Greebel is charged for his role in Shkreli’s scheme of using sham consulting and settlement agreements for cash and shares of Retrophin, Inc., to pay off investors in one of Shkreli’s MSMB hedge funds. Trial commenced on October 20, 2017, and the defense began to present its case on December 6, 2017.
On December 13, 2017, Steven Rosenfeld, an investor in Retrophin and one of Shkreli’s MSMB hedge funds, took the stand for the defense. He testified that, while he entered into a consulting agreement that provided him with $200,000 and stock in Retrophin, he actually performed consulting services for the company.

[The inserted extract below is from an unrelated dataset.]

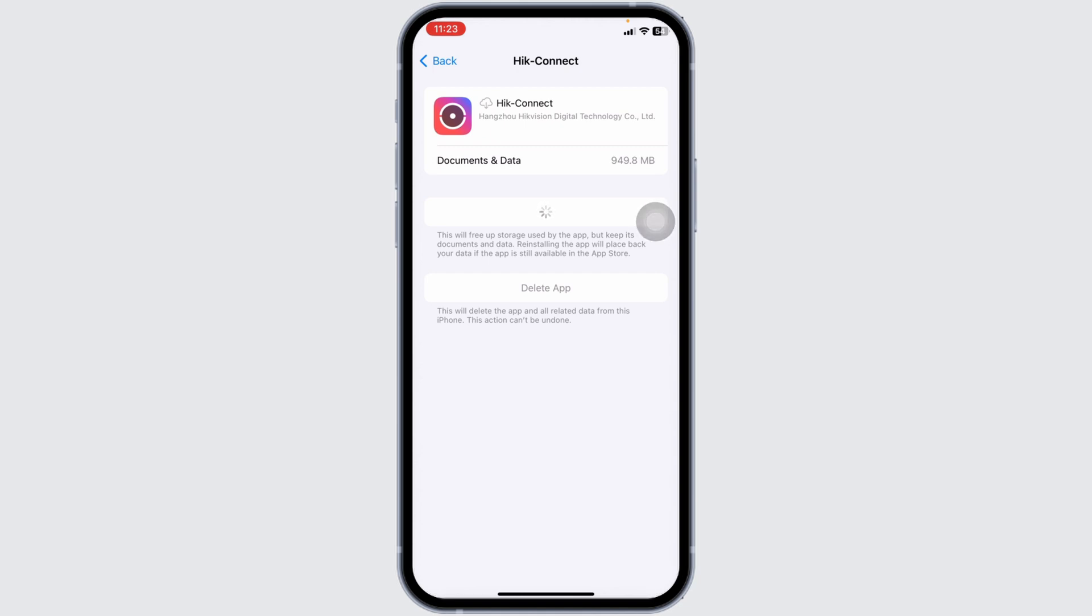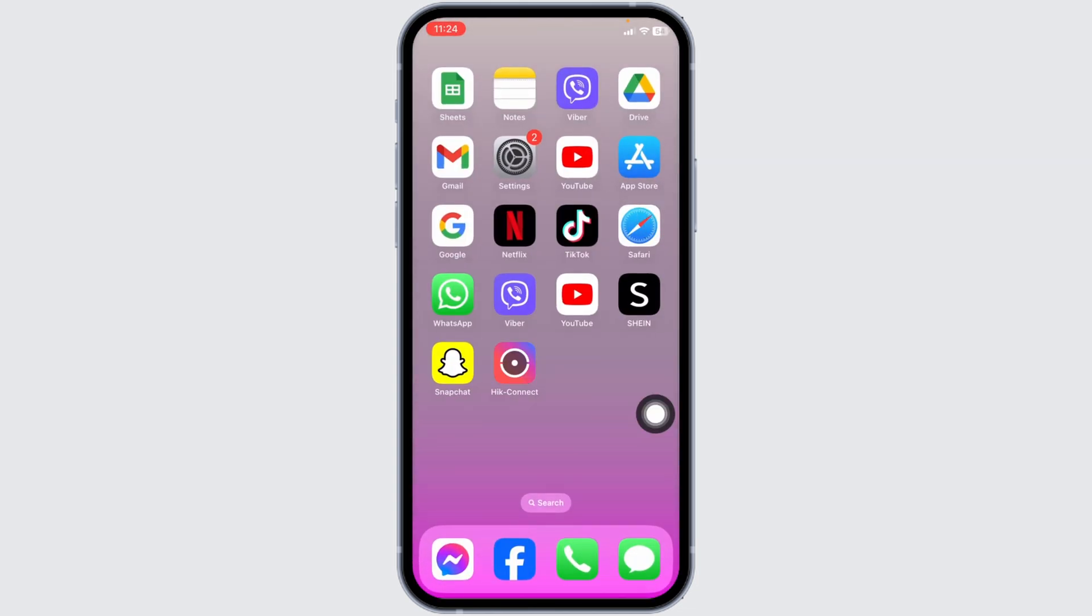If you still encounter this issue, you can apply solution 3. You have to completely delete this app from your device and reinstall it. So, close this. For that, long press on your HIC Connect app.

His testimony went off the rails when defense counsel inquired about his meetings with the government. First, defense counsel asked about a 2015 encounter with the FBI, where agents came to his home. Rosenfeld began to testify that he had asked the agents if he could call his attorney, but the prosecution objected, and a sidebar ensued. Defense counsel then turned to Rosenfeld’s next meeting with the government. A question regarding whom Rosenfeld met with led to a second objection from the prosecution and another lengthy sidebar. After the sidebar, Judge Kiyo Matsumoto dismissed the jurors for the day. She ordered sealed briefing from the parties on what she described as “potentially career-ending allegations” made by the defense. The parties will brief the matter, addressing among other issues, whether any statements made by government officials outside the courtroom constitute party admissions.
The Court will rule on the admissibility of the Rosenfeld’s testimony regarding his second meeting with government officials. Whether the allegations raised at sidebar have a more significant impact on the trial, or on any officials’ careers, remains to be seen.
What Happens Next?
The trial, which has lasted for more than two months, will proceed on December 14, 2017.